Gary responded to Samir's question:
> Characters <128 take one byte.
> Characters <2048 take two bytes.
> All others in the 64K normal range take three bytes each.
> There are provisions for characters above 2,097,152 to use three bytes, but
> normally unicode is only up to 64K. However when additional space is used,
> it still uses two bytes up to the 2,097,152 point.
Unicode (= UTF-16) is defined for the Unicode scalar range 0 .. 0x10FFFF.
Unicode scalar values in the range 0x10000..0x10FFFF (decimal 65,536..1,114,111)
require *four* bytes when expressed in UTF-8. (And also four bytes when
expressed as a surrogate pair for UTF-16, by the way.)

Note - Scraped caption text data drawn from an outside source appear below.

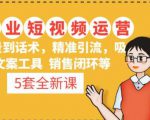 5套·美业短视频运营课从场景到话术·精准引流·吸金文案工具·销售闭环等-吗喽副业资源站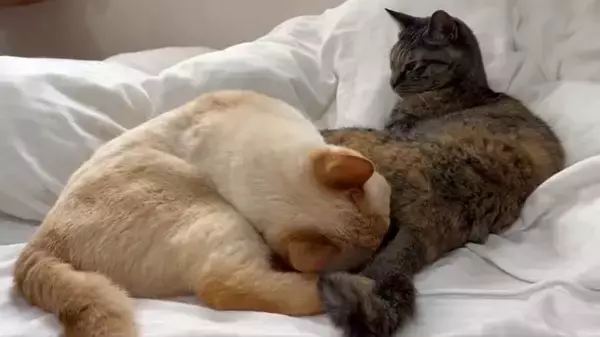 「猫の「フレーメン反応」まさかのおかわり　ぽかーん顔を連発する猫ちゃんに爆笑」の画像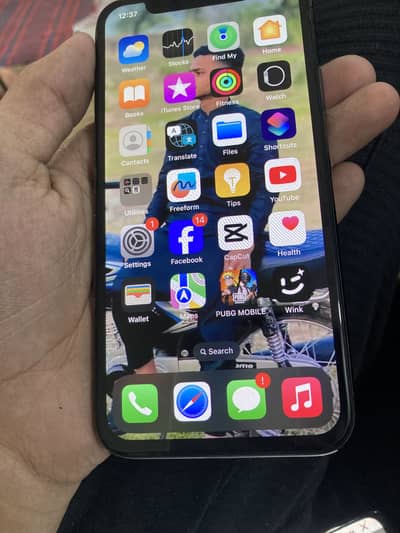 Apple iPhone X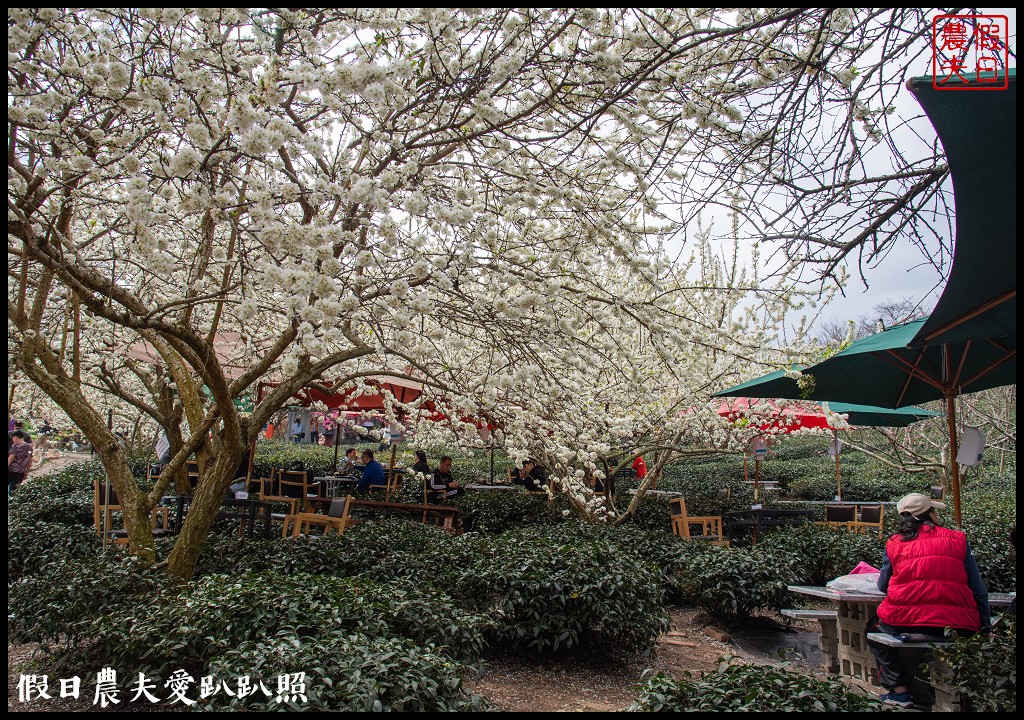 草坪頭櫻花季|櫻花桃花李花爭豔/交通管制/停車/最新花況 @假日農夫愛趴趴照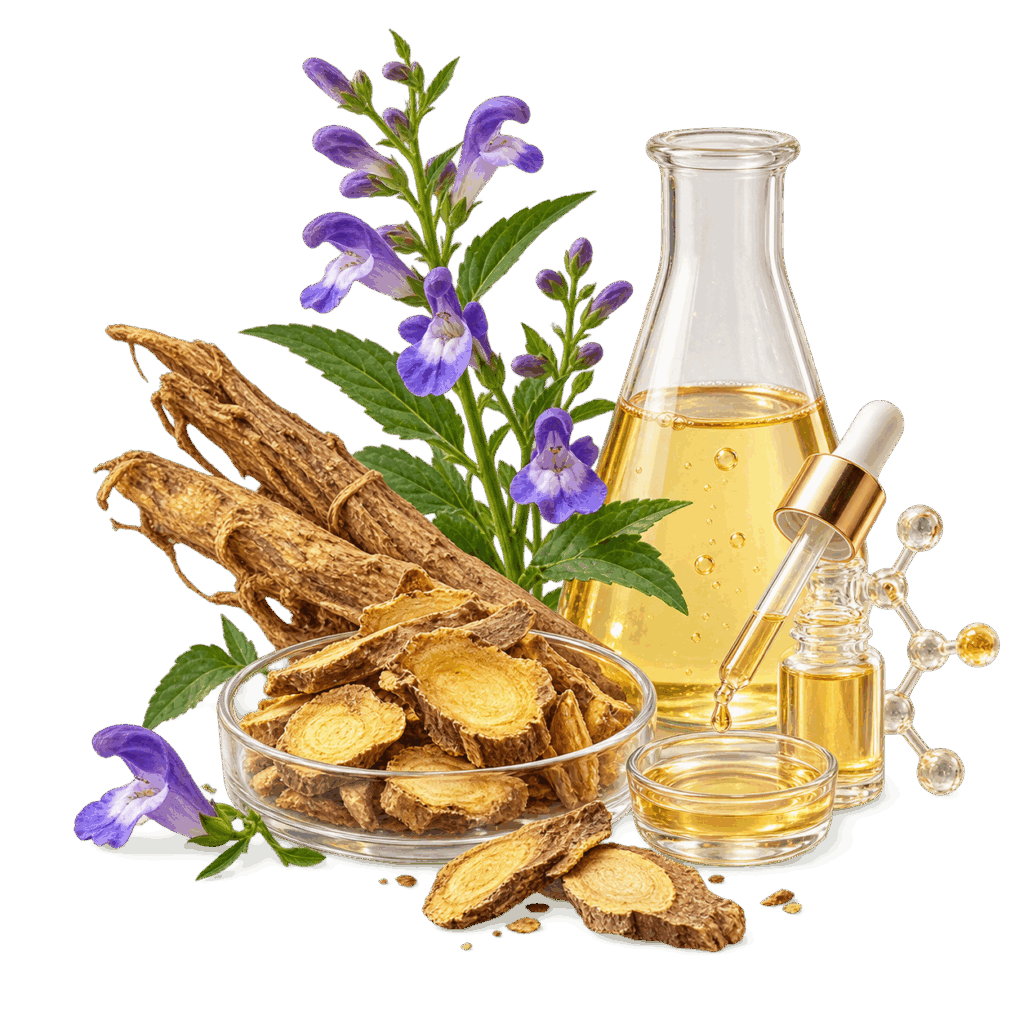 Scutellaria Root Extract ingredient visual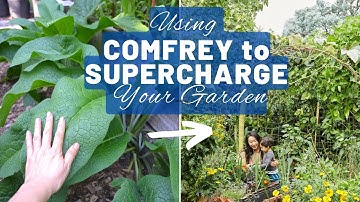 Growing and using comfrey - a free fertiliser to supercharge your garden | Permaculture food forest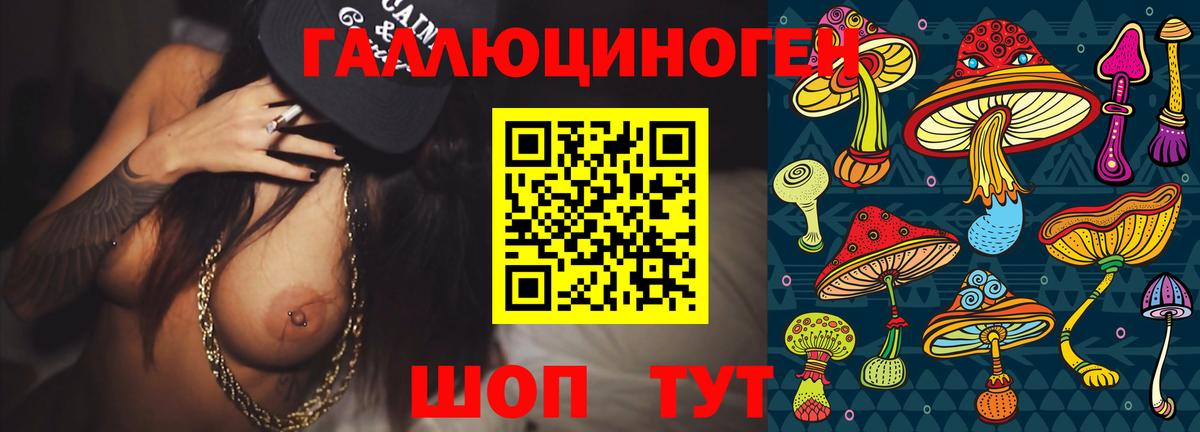 Россошь  Галлюциногенные грибы Psilocybine cubensis  Вход с VPN 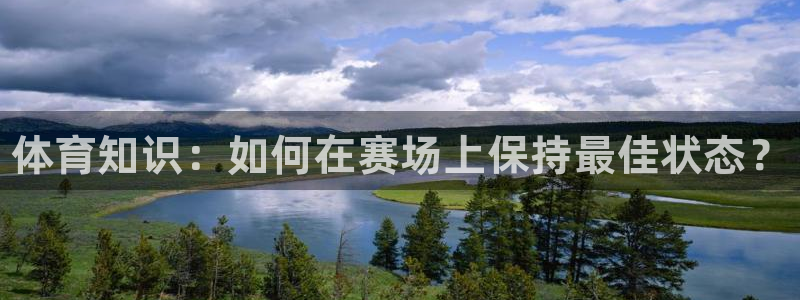 JJB竞技宝官方正版app娱乐是那个系列的台子：体育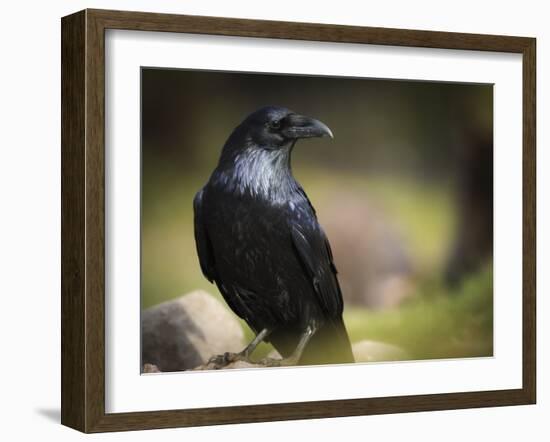 Common Raven, Corvus Corax, West Yellowstone, Montana, Wild-Maresa Pryor-Framed Photographic Print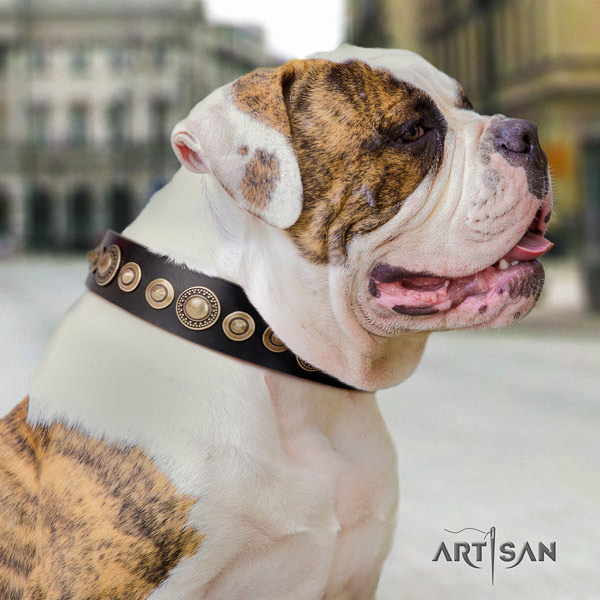 American Bulldog significant full grain leather dog collar with studs for handy use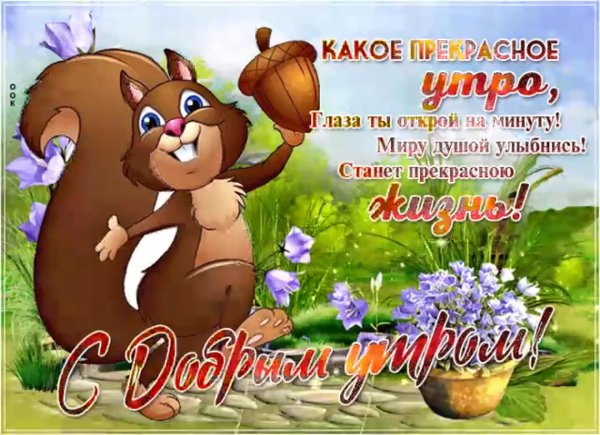 добрая открытка с добрым утром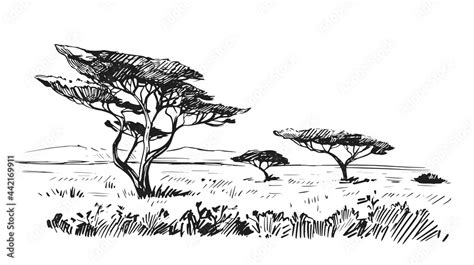 Savanna Tree Drawing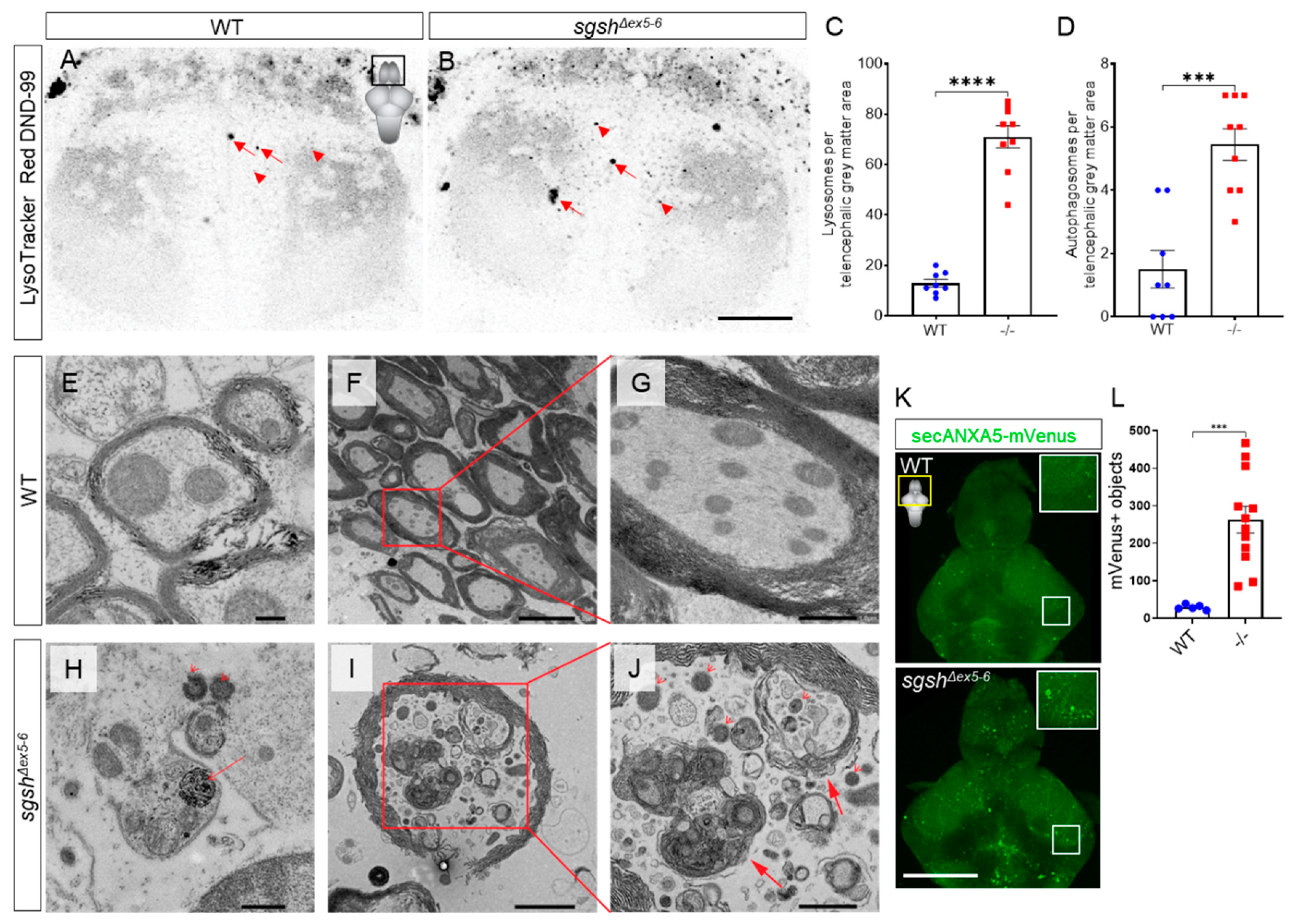 Ijms 22 05948 g003 Ijms 22 05948 g003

> Using Character Agent from Bjondi, we find that 2048 (hex 0800) is in the
> middle of the arabic characters.
Actually, that boundary is *above* all the Arabic characters, and also above
Syriac and Thaana.
> Below this are things like hebrew,
> armenian, cyrillic, greek, and some other misc stuff. All the asian sets are
> above this point.
If Samir's question is reinterpreted as "what are those languages which
require use of 3-byte UTF-8 forms?", then the answer is roughly:
Any language written using one of the Indic scripts (e.g. Hindu, Marathi,
Nepali, etc. using the Devanagari script, and so on); Sinhalese; Thai
and Lao; Tibetan and Dzongkha; Myanmar and any other language written
using the Myanmar script (e.g. Shan, Karen, etc.); Georgian; any
language using the Ethiopic script (e.g. Amharic, Tigré, etc.); Cherokee;
any language using Unified Canadian Aboriginal Syllabics (e.g. Cree,
Inuit, etc.); old Irish written in the Ogham script; old European
languages written with Runes; Khmer; any language written with the
Mongolian script (Mongolian, Manchu, Todo, etc.); Vietnamese and a
number of minority European languages (Livonian, Welsh, etc.) if
using Latin extended precomposed characters; polytonic Greek, if using
Greek extended precomposed characters; Japanese, Chinese, Korean, and Yi.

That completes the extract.